▶ _Task brief_
Please copy, exactly and with no pictures, only the lines from the one containing "1807 ABBEY GLEN" through the last line of the records.

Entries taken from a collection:
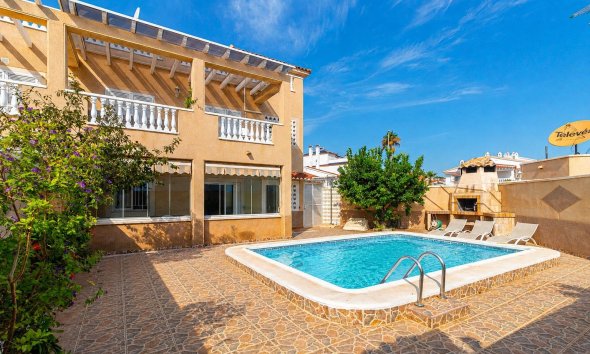 Resale - Bungalow - Orihuela Costa - Punta Prima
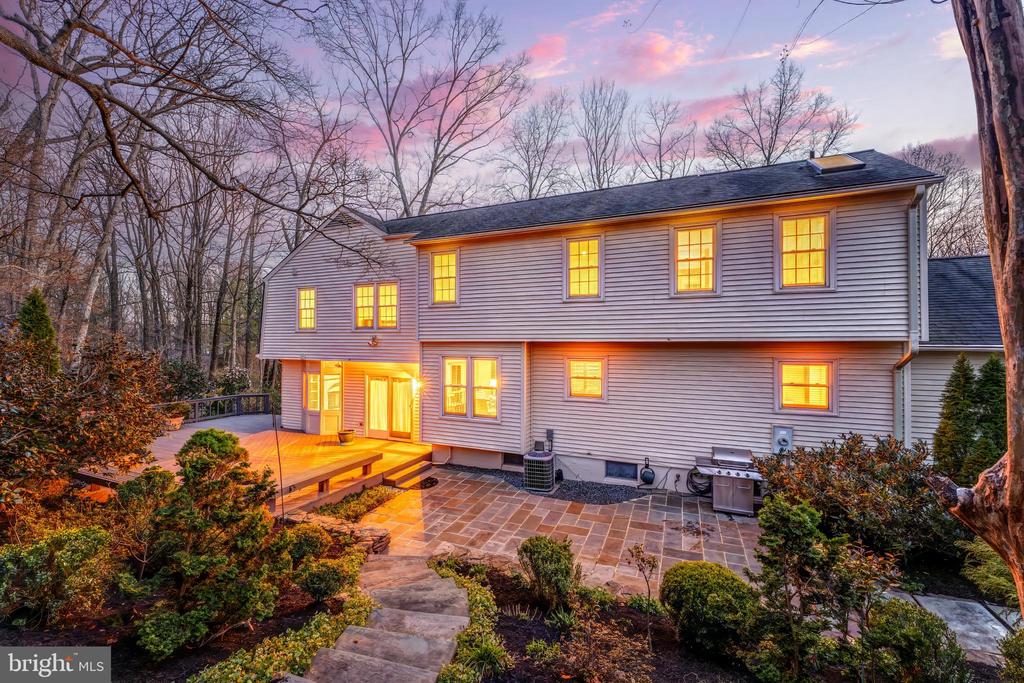 1807 ABBEY GLEN
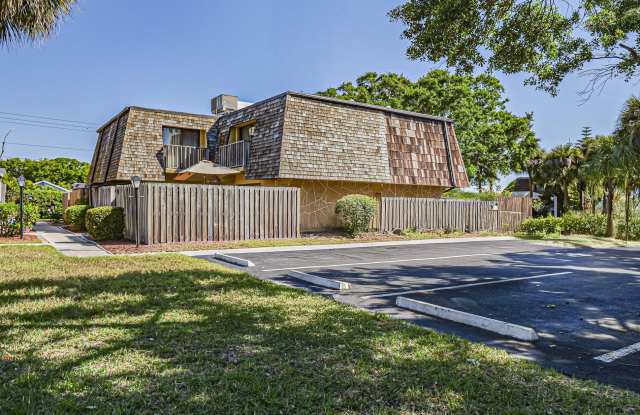 510 N TROPIC Lane Gallery 2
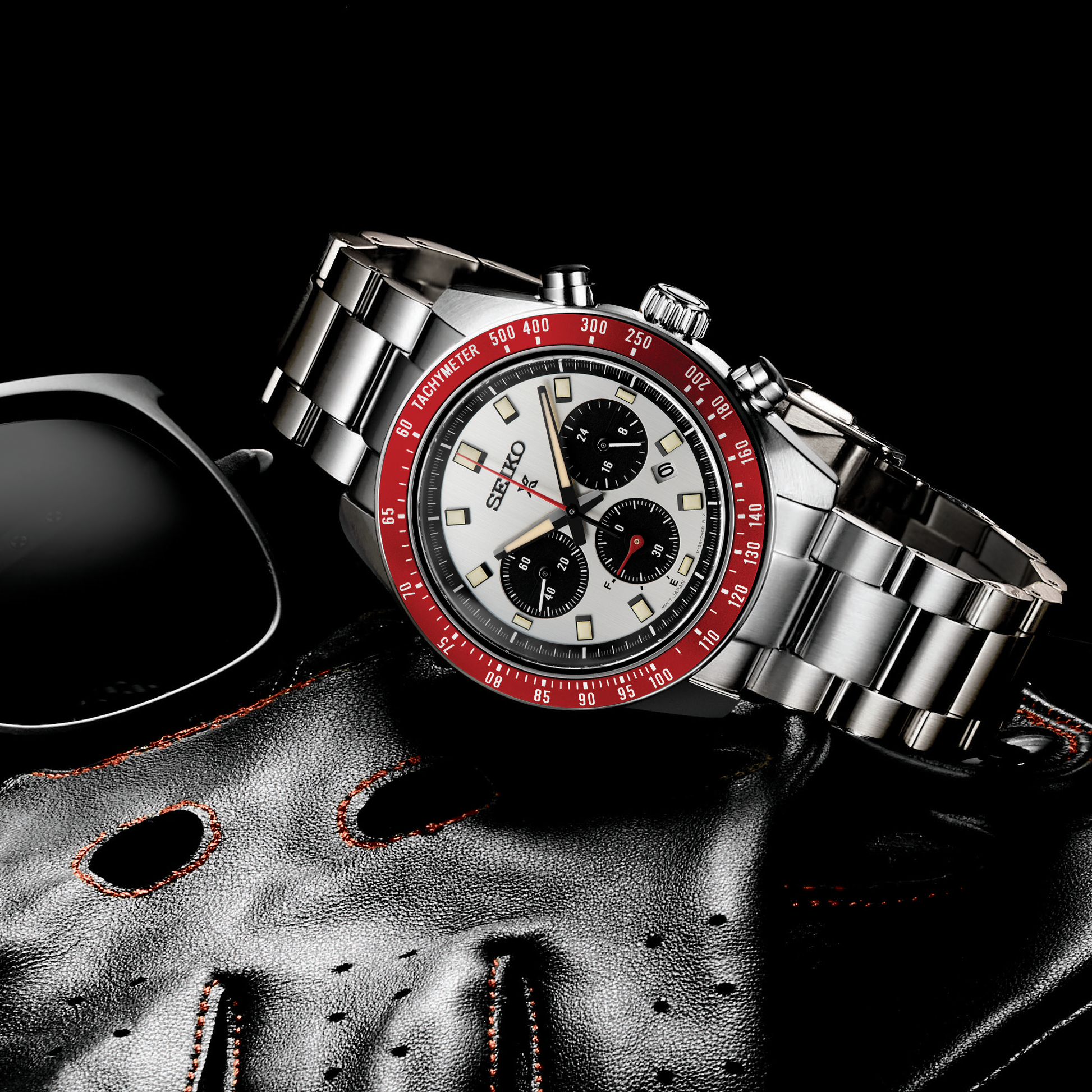 Seiko Speedtimer Solar Chronograph Watch SSC945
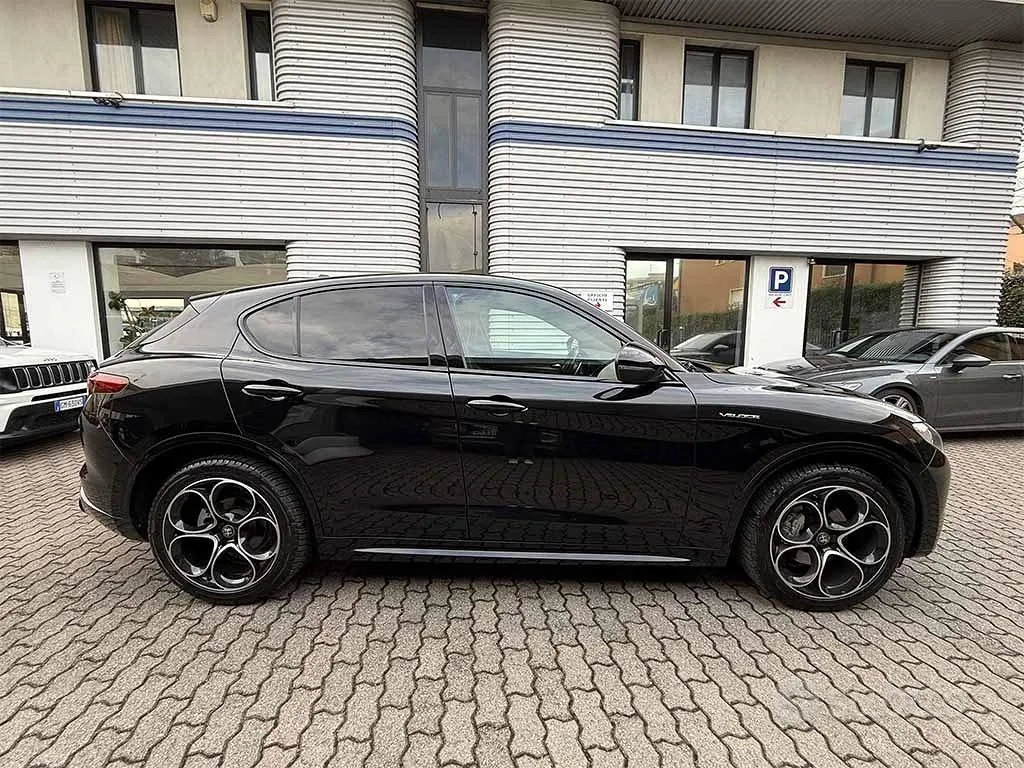 Alfa Romeo Stelvio 2022 photo 5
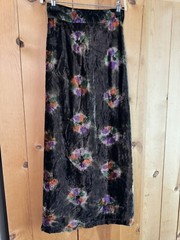 VTG ’70’s Psychedelic Crushed Velvet TIE DYE SKIRT W- 24 LONDON RIC RAC 2XS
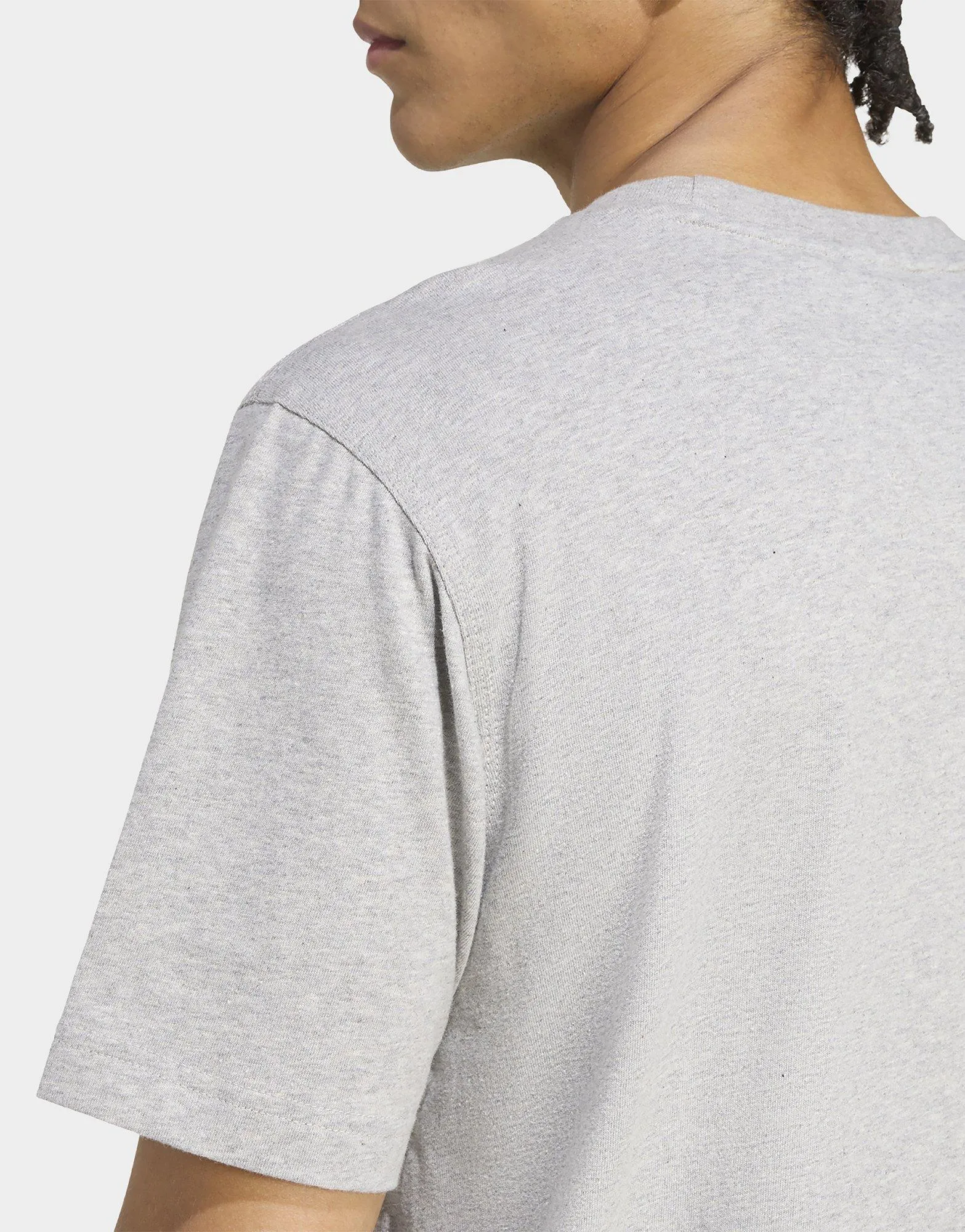 Minimal Look Trefoil Essentials T-Shirt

▶ _Output_
 1807 ABBEY GLEN
 510 N TROPIC Lane Gallery 2
 Seiko Speedtimer Solar Chronograph Watch SSC945
 Alfa Romeo Stelvio 2022 photo 5
 VTG ’70’s Psychedelic Crushed Velvet TIE DYE SKIRT W- 24 LONDON RIC RAC 2XS
 Minimal Look Trefoil Essentials T-Shirt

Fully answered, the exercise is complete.